» **GIVEN DATA**:

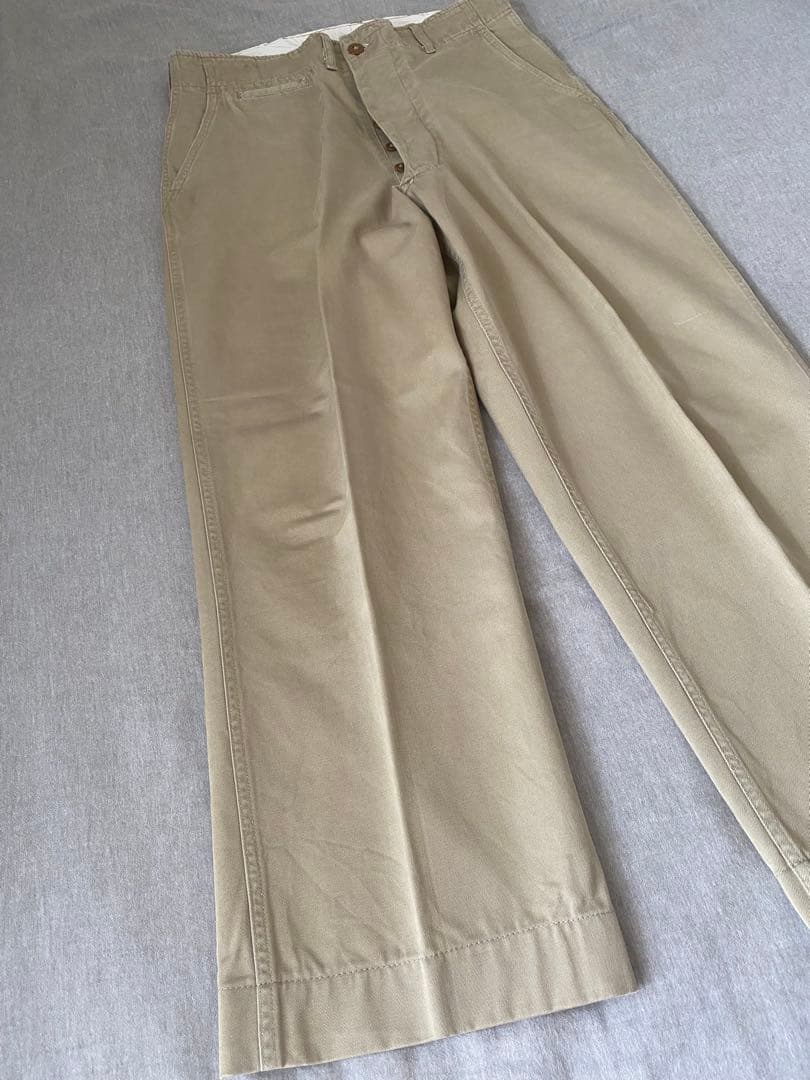 50s サイドダブルステッチ U.S ARMY M-45 カーキ チノパン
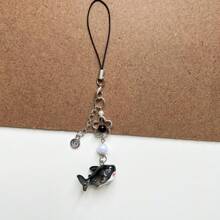 Original Design Cute Realistic Ocean Creature Phone Charm, Handmade Beaded Black Shark Pendant, Phone Lanyard Accessory - Black Shark Pendant - View 10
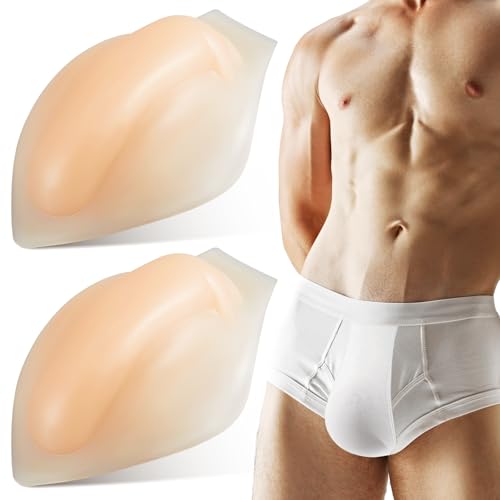 2 Pcs Bulge Enhancer Men Silicone Enlarge Front Pouch Pad 3D Bulge Enhancing Underwear Cup for Swimming Boxer Brief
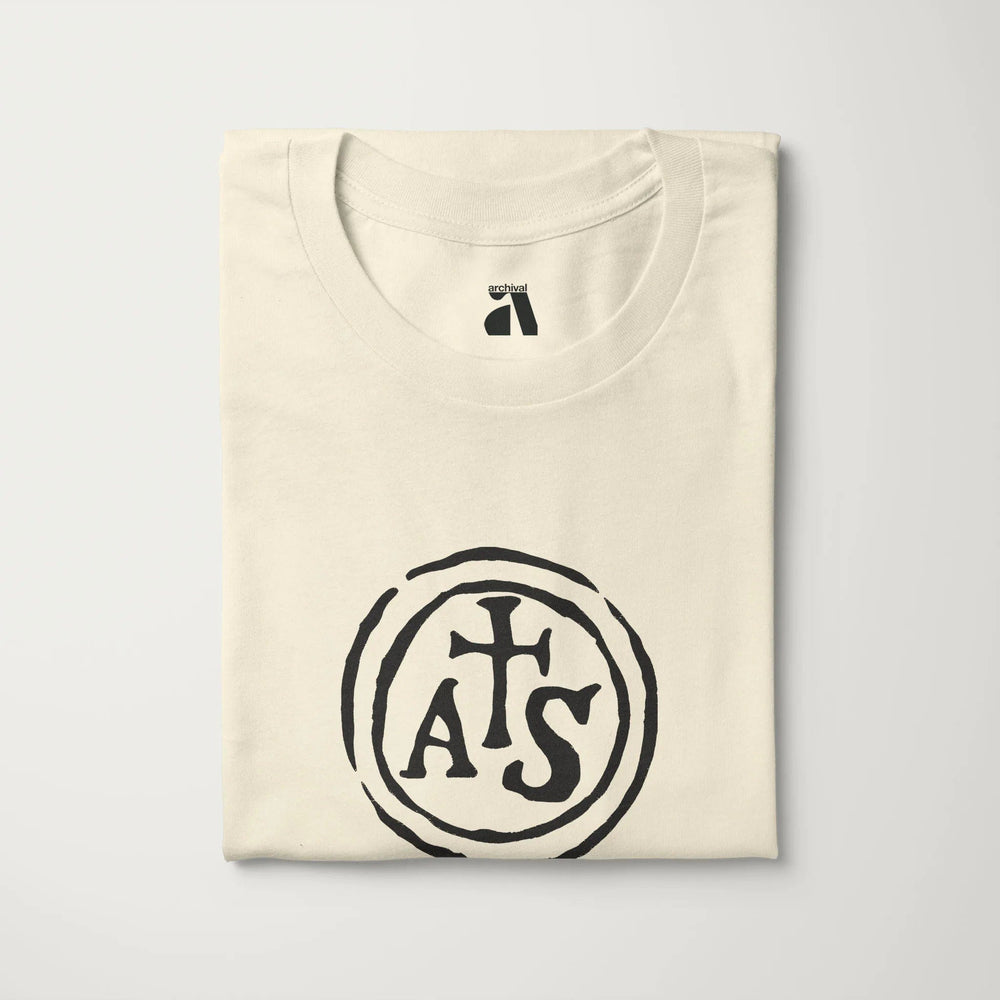 stradivarius: inscription classic tee in natural, folded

» **REQUIRED ACTION**: Return every line above exactly, omitting images.

» **RESPONSE TO THIS TASK**:
 50s サイドダブルステッチ U.S ARMY M-45 カーキ チノパン
 Original Design Cute Realistic Ocean Creature Phone Charm, Handmade Beaded Black Shark Pendant, Phone Lanyard Accessory - Black Shark Pendant - View 10
 2 Pcs Bulge Enhancer Men Silicone Enlarge Front Pouch Pad 3D Bulge Enhancing Underwear Cup for Swimming Boxer Brief
 stradivarius: inscription classic tee in natural, folded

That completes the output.